Four Congressmen are already trying to introduce legislation to block the permit.
Now, 32 US Congressmen have now written to Mr Obama urging his administration to reconsider the US Department of Transportation’s (DoT) tentative decision to grant a foreign carrier permit to Irish-based airline, Norwegian Air International (NAI).
The airline, a subsidiary of low-fares giant Norwegian, wants to launch a Cork to Boston service this year, with a link to Barcelona, and a Cork to New York service next year.
NAI received technical certification to operate certain aircraft on its proposed transatlantic routes from Cork earlier this week.
But it can’t start selling tickets for the proposed Boston flights until the foreign carrier permit is signed off.
The letter from Congressmen comes days after the deadline passed for submissions to the US DoT on its tentative decision announced in April to grant the licence to NAI. The DoT is expected to provide answers to the various submissions by next week.
The timeline on a final decision date remains unclear.
In their letter to Mr Obama, the Congressmen said the landmark US-EU Open Skies Agreement has resulted in substantial benefits. “Market liberalisation has improved service options for consumers, spurred fare competition, increased travel to the US, and opened opportunities for US carriers in new markets,” they said.
“The benefits come as a result, in part, of provisions designed to ensure our aviation labour forces continue to enjoy strong employment protections.”
The Congressmen said the opportunities created by Open Skies are not intended to undermine labour standards or the labour-related rights and principles contained in EU or US laws.

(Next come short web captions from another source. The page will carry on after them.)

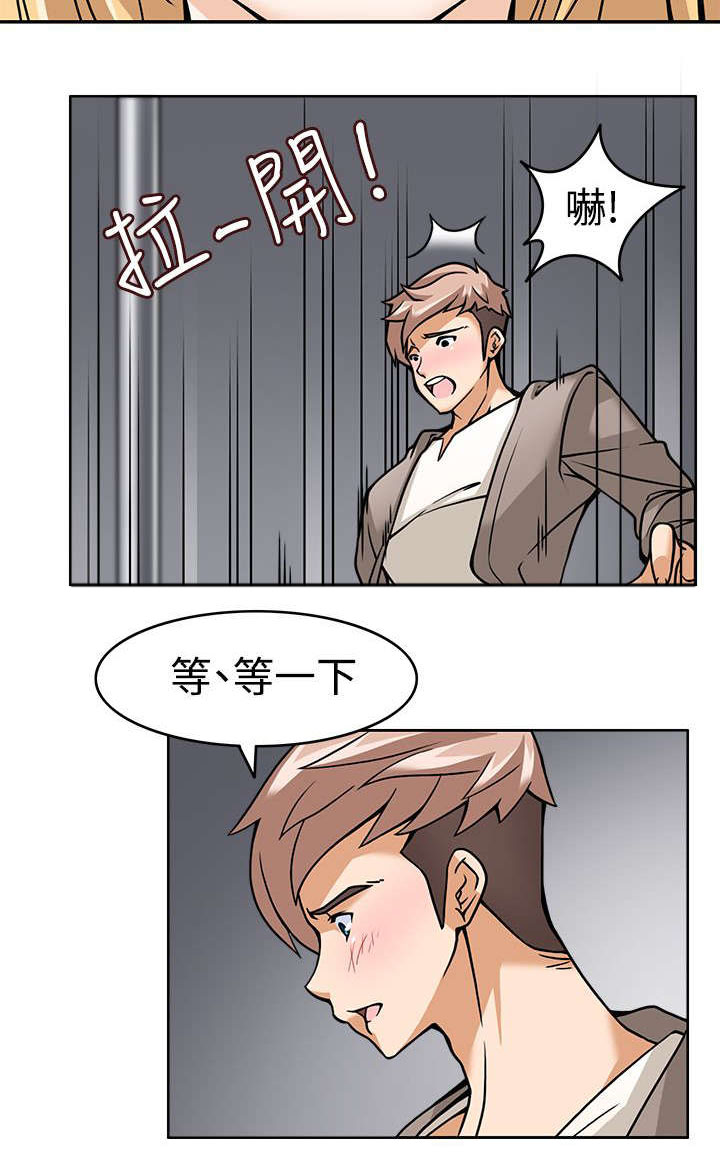 第7章：战术成功3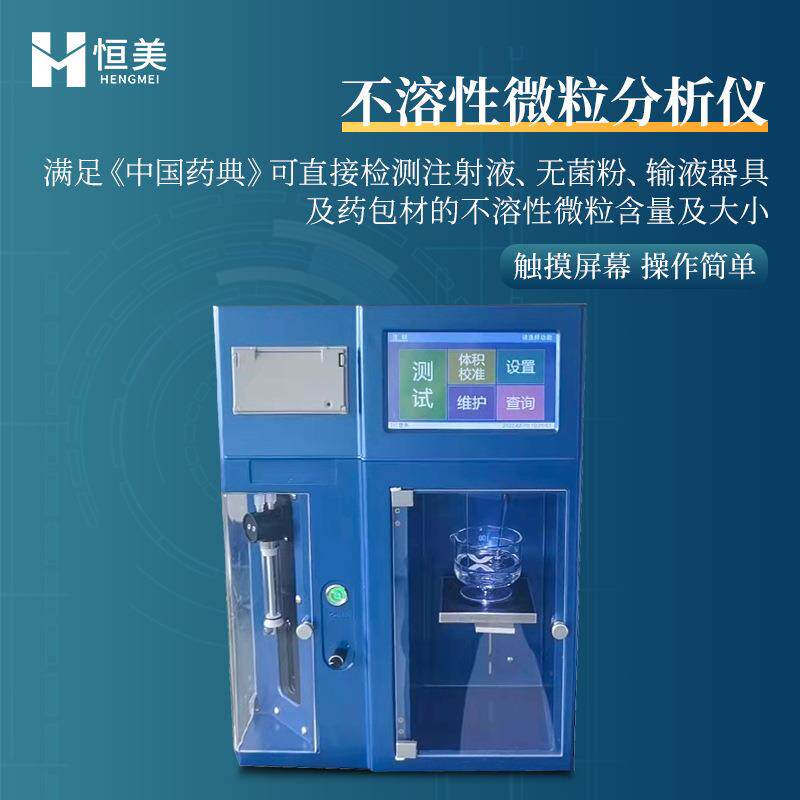 不溶性微粒分析仪智能注射液无菌粉输液器具微粒含量大小检测仪器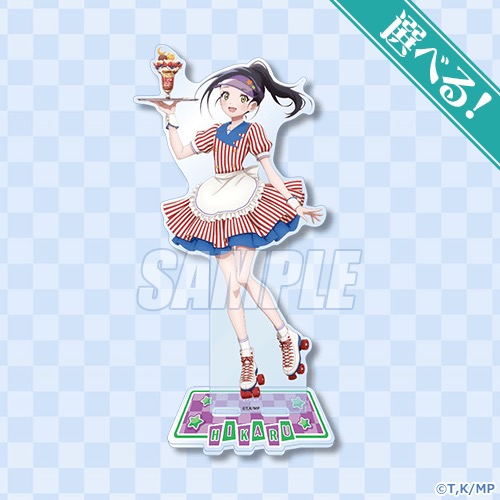 メダリスト S賞 選べるビッグアクリルスタンド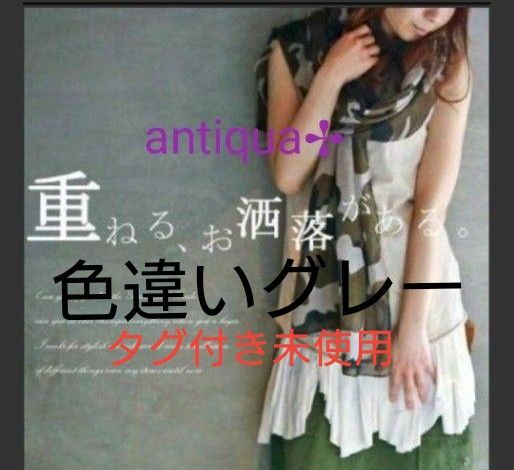 antiqua フレアー重ね着タンクトップワンピース グレー ◇タグ付き未使用◇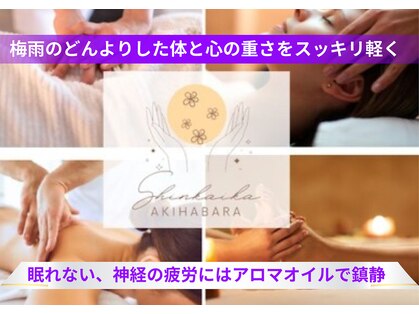 心開花 秋葉原(Shinkaika)の写真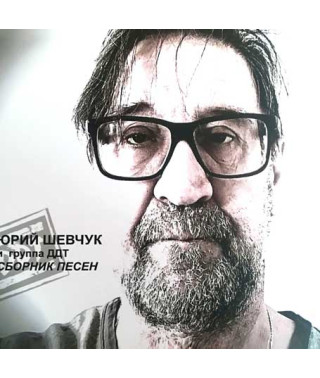  Юрій Шевчук та Група ДДТ – Збірник Пісень (2cd) (CD Audio )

They pointed out that NAI is a Norwegian-owned company which has applied to operate in the US as an Ireland-based, foreign air carrier. “We understand that NAI does not plan to locate significant operations in Ireland and may hire some employees under Singaporean or Thai employment contracts,” they claimed.
“This structure could allow NAI to avoid the labour and employment protections in Norwegian and EU law. This type of arrangement appears to be exactly what the labour provisions of the agreement (Open Skies) are intended to prevent.”
“It is troubling that DoT does not appear to have done its own analysis of whether the application does in fact violate these elements of the agreement.
“Instead, DoT only concluded that certain labour provisions alone cannot be used as the basis for denying an application.”
They said they support fair competition but warn the US aviation industry is critical to the economy and an important middle-class job creator.
“Bilateral air transport agreements have enjoyed wide support in the US because they have successfully fostered increased competition while providing greater opportunities for US airlines and their workers.
“Approving NAI’s foreign air carrier permit application would upset this careful balance and seriously harm the US aviation industry.”
NAI has consistently rejected the foreign workers’ contracts claim and pointed out that the DoT subjected its licence application to a rigorous assessment over two years and found it complies with Open Skies.
Mr Obama also told Taoiseach Enda Kenny in March there is no legal impediment to the granting of the licence.
The European Commission is poised to trigger arbitration if the licence is denied — a process which could take up to six months.